Un griot qui meurt c’est une bibliothèque qui disparaît (dicton franco africain)
Une culture qui disparaît c’est carrément la bibliothèque d’Alexandrie qui brûle ! (çà, c’est de nous)
* Les Wodaabé sont aussi connus sous le nom de « Bororos », mais c’est en fait un terme méprisant puisqu’il s’agit du nom de leurs vaches.
… Voilà ce que nous écrivions en 2006…
Les étapes
(À suivre aussi sur le film : MEMS 2004-2014)
• Première étape : 2006 – Mil Espoir Mille Savoirs se constitue en association loi 1901 pour financer une cantine d’une capacité de 150 élèves sur les sites de Tanfirgen et Abilbal afin de permettre la sédentarisation des enfants scolarisés pendant les périodes de nomadisation des parents.
Cette aide est mise en œuvre localement par DJABBRAL, association d’éleveurs nomades WoDaaBe d’Abalak, région de Tahoua, au Niger
• Seconde étape : 2012 – Des élèves de l’école primaire accèdent au collège situé à Abalak, à deux heures de 4X4 du village. Nous achetons une maison pour les loger. Leur nombre grandissant, nous sommes obligés d’y adjoindre six chambres.
Nous continuons à financer les cantines dans les villages. Nous soutenons la vie des collégiens et les cours de soutien scolaire, qui leur sont dispensés l’après-midi. Nous aidons également les parents à payer les frais de scolarité.
• Troisième étape : 2016 – En 10 ans la dynamique de scolarisation s’est désormais installée. En primaire : 90 enfants sont scolarisés à Tanfirgen, sur 4 classes ; 39 enfants à Abilbal, sur 2 classes, et les effectifs du secondaire vont atteindre 73 élèves en 2018. Une « Ecole Numérique » de la Fondation Orange est installée à Tanfirgane.

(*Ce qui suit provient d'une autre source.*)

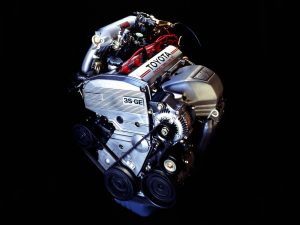 Toyota Celica GT Mk4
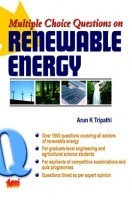 Multiple Choice Questions On Renewable Energy  Multiple Choice Questions On Renewable Energy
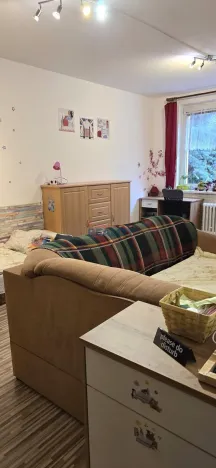 Pronájem bytu 2+1, České Budějovice - České Budějovice 3, Pražská tř., 65 m2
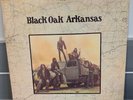 BLACK OAK ARKANSAS 1971 USA 1st VINYL LP SD-33-354 EX/VG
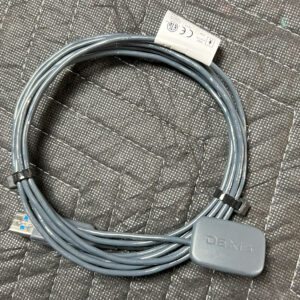 Dexis Titanium Sensor Size 1 ~ SKU: 105031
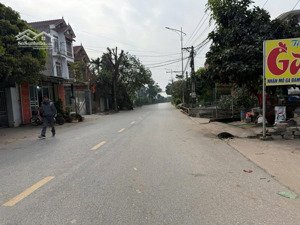 đất trục chính đường 7m sát khu đô thị và vành đai 4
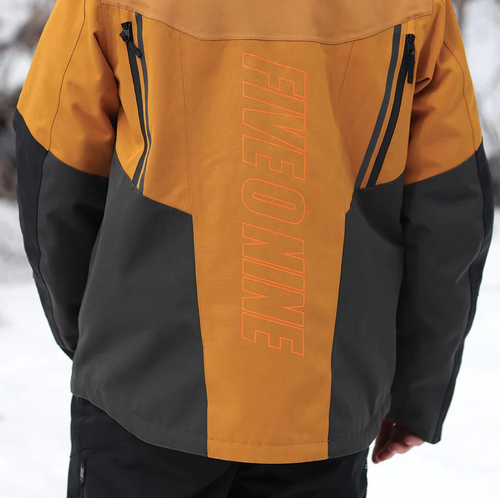 R-200 Insulated Jacket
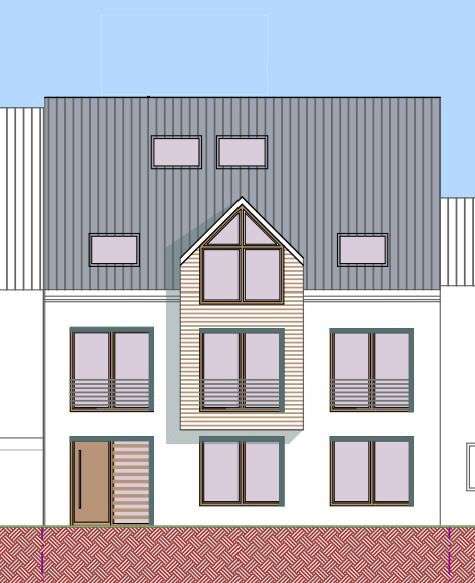 Terreno de 19 divisões em Bonn, Germany N.º 110808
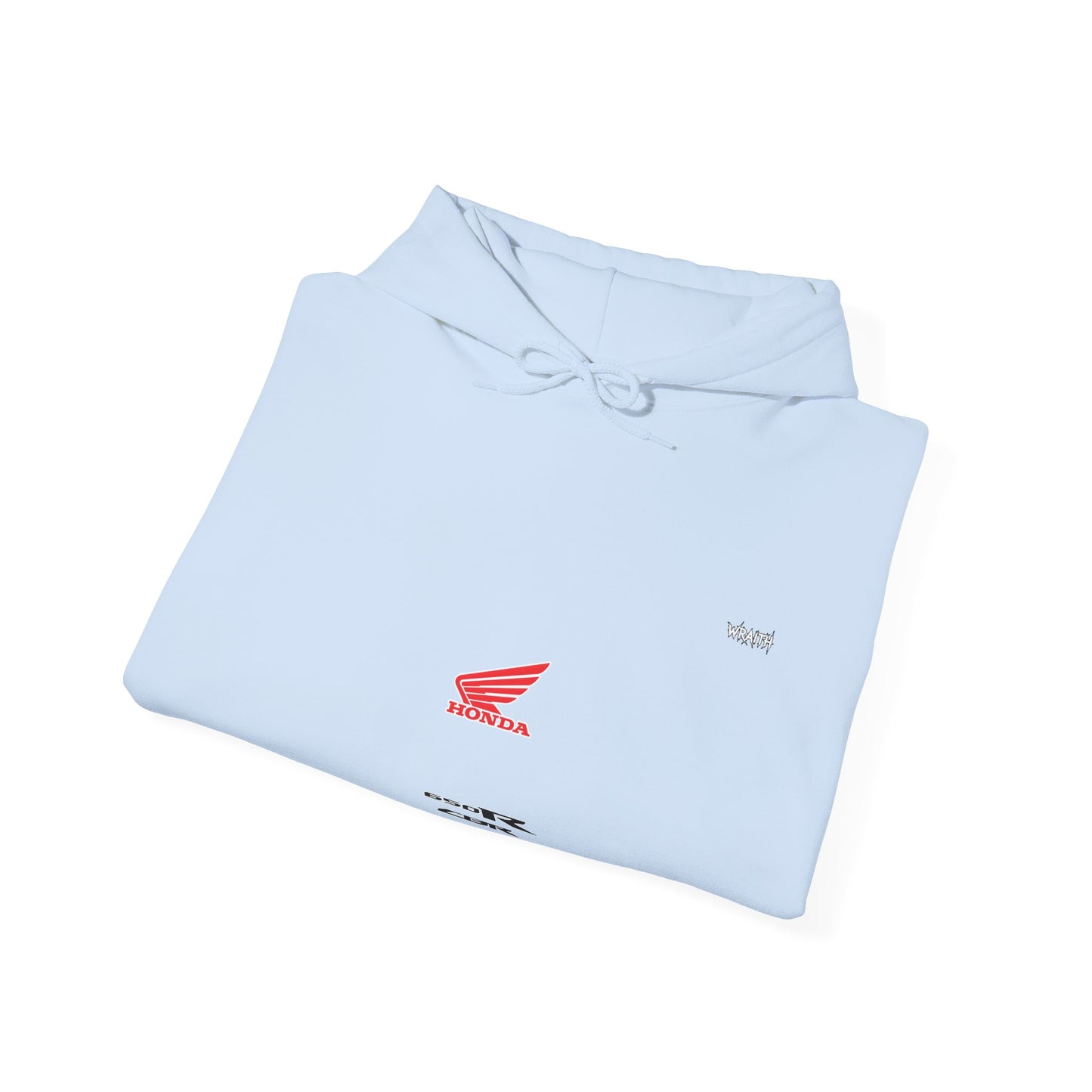 CBR 600RR  — Sportbike Graphic Honda CBR Streetwear Pullover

• 2019 : MEMS aide 40 collégiens à Abalak et 15 lycéens à Tahoua (depuis sept. 2019) pour leurs inscriptions et l’aide alimentaire. Mais au total environ 70 élèves bénéficient de l’hébergement, des cours du soir et autres soutiens scolaires.
• 2020/2021 – Trois élèves ont obtenu le Baccalauréat et ont commencé des études universitaires dans des domaines aussi divers que l’Agronomie, la Sociologie ou la Géographie.
L’accès à la vie professionnelle se concrétise : deux élèves font des études professionnelles en Santé. Deux lycéens se sont engagés dans l’armée. Le Fonds de Dotation MEMS/Louis Galenc commence à apporter une aide financière aux études supérieures.
• L’avenir : MEMS souhaite continuer à aider Djabbral face aux défis qui concernent :
– l’amélioration de la qualité de l’enseignement primaire par des enseignants parlant la langue des enfants,
– la scolarisation des filles,
– l’accès à la culture générale et la connaissance du monde,
– l’accès à la formation professionnelle.